First of all check if CTR-1472's IRQ line is working and the signal reaches the CPU. See file /proc/interrups as follow:

giometti@jeeg:~/ctr1472$ grep ctr1472 /proc/interrupts 
  9:          124          XT-PIC  ctr1472#0

and if everything goes well during encoding you should see the second number is increasing. If not, verify into your system settings if the IRQ line is enabled and connected to the PCI bus (please, refere to your CPU manual pages).

On the other hand, if the IRQs are ok, then your application is not quick enought to empty internal CTR-1472's buffers and MPEG encoding is stopped and the error message above is displayed into kernel log.
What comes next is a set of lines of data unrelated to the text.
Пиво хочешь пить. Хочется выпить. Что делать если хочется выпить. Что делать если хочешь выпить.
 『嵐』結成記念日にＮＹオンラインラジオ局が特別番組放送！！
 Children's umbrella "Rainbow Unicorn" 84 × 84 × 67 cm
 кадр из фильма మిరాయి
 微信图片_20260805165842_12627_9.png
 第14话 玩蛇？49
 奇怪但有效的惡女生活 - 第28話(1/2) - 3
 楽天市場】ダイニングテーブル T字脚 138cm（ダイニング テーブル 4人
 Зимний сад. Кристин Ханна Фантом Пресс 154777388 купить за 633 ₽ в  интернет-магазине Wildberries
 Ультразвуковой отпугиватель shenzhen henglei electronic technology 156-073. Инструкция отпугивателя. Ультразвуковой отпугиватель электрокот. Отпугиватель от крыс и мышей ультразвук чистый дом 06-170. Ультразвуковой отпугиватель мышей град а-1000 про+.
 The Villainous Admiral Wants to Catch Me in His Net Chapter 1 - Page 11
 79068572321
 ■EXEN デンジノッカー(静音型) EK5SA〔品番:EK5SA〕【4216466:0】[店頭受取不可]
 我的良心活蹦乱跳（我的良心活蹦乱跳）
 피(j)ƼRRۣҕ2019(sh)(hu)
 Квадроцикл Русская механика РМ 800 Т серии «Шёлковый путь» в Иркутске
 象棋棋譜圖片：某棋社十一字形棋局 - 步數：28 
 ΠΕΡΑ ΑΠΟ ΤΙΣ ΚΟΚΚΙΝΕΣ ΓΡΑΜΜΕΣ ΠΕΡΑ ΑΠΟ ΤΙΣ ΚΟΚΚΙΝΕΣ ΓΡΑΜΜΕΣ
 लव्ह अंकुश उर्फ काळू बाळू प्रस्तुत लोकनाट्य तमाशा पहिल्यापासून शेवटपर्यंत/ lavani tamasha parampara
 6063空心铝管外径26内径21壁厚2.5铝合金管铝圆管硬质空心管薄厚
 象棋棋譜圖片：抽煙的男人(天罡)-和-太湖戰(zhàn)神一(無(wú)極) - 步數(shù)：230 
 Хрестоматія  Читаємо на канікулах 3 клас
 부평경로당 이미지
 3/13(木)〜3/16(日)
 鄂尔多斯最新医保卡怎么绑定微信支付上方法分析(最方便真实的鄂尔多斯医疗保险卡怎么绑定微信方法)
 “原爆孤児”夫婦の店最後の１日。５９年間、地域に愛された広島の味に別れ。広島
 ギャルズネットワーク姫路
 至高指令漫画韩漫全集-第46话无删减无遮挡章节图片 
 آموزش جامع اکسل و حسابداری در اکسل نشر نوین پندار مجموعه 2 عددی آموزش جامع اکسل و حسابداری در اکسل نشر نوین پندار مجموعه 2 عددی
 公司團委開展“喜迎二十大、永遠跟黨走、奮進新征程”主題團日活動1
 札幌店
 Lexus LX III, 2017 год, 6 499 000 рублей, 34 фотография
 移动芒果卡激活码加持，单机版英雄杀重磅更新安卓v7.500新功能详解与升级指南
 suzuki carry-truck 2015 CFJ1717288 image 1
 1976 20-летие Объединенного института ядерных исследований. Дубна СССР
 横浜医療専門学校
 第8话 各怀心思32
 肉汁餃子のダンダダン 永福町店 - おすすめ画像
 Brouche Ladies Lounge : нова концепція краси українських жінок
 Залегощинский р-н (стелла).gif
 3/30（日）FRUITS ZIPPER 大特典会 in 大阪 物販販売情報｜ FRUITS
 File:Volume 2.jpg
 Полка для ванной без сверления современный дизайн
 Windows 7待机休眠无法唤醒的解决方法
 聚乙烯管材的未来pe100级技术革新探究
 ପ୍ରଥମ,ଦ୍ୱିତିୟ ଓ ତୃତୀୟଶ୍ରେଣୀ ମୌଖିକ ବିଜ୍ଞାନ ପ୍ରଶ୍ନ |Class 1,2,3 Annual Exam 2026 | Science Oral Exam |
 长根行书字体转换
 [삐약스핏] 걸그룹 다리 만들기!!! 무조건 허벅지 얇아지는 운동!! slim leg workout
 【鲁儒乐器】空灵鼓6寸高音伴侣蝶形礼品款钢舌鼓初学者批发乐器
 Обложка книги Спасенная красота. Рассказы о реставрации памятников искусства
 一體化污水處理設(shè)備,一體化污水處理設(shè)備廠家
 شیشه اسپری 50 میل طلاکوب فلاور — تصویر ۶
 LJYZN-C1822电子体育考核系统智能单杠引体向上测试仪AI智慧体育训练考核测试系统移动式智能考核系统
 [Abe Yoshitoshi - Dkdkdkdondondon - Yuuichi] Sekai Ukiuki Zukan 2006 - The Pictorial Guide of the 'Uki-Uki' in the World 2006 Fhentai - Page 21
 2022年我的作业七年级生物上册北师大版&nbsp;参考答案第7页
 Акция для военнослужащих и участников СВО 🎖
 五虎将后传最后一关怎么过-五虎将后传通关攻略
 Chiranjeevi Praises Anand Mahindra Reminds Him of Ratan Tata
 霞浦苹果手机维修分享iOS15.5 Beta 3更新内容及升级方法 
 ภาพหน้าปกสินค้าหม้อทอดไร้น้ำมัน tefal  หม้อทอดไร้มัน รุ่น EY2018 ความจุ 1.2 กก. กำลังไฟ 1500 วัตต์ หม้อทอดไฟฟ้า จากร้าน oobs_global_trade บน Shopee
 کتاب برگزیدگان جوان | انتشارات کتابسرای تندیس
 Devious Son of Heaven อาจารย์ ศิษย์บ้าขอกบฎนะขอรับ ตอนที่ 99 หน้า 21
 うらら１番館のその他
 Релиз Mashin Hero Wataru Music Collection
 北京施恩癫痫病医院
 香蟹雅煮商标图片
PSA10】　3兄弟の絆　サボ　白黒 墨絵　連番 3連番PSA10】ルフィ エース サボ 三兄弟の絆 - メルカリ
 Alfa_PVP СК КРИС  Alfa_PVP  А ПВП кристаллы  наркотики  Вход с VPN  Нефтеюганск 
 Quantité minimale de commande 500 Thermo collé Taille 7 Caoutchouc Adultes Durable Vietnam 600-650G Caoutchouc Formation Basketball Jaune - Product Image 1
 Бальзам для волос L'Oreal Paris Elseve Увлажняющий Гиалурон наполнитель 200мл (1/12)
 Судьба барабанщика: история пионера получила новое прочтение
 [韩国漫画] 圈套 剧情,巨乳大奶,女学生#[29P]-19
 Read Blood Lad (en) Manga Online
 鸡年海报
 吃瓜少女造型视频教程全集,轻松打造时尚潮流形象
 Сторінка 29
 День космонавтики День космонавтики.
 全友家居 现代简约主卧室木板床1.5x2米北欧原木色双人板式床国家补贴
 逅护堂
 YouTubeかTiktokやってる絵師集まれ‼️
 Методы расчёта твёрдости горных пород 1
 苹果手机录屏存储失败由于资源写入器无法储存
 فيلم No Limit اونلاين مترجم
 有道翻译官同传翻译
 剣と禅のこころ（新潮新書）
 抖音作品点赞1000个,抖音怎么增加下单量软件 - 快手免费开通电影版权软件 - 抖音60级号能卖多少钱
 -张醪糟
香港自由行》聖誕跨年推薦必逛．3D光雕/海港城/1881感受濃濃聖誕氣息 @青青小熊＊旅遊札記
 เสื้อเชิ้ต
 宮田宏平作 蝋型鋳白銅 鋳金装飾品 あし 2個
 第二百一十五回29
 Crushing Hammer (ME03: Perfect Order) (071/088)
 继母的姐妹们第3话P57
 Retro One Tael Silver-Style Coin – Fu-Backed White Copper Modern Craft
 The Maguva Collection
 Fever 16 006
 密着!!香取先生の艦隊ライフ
You have two possibilities:

1. run more quikly your application, or
2. enlarge CTR-1472's buffers by setting define VIDEO_MEM_BLOCKS to higher value at complition time or setting v_blocks to higher value at driver load (modprobe/insmod) time.

Q2.3)

I'd like to use video4linux and/or video4linux2 applications with this driver, is it possible?

A2.3)

No. Internal CTR-1472 encoding chip has a proper audio/video data encoding which is totally incompatible with the video4linux nor video4linux2 interface.

Q2.4)

Running the encoding utility I notice that the CPU load goes toward 60-70%, why?

A2.4)

Utility encoding requires to get a fixed amount of data aven if the driver has something more to return, this cause the driver never stops in waiting data and the CPU is always running. Utility encoding is just a testing tool.

If you wish a better performance you need to rewrite the encoding tool in order to correctly manage the incoming data buffers to suite your needs.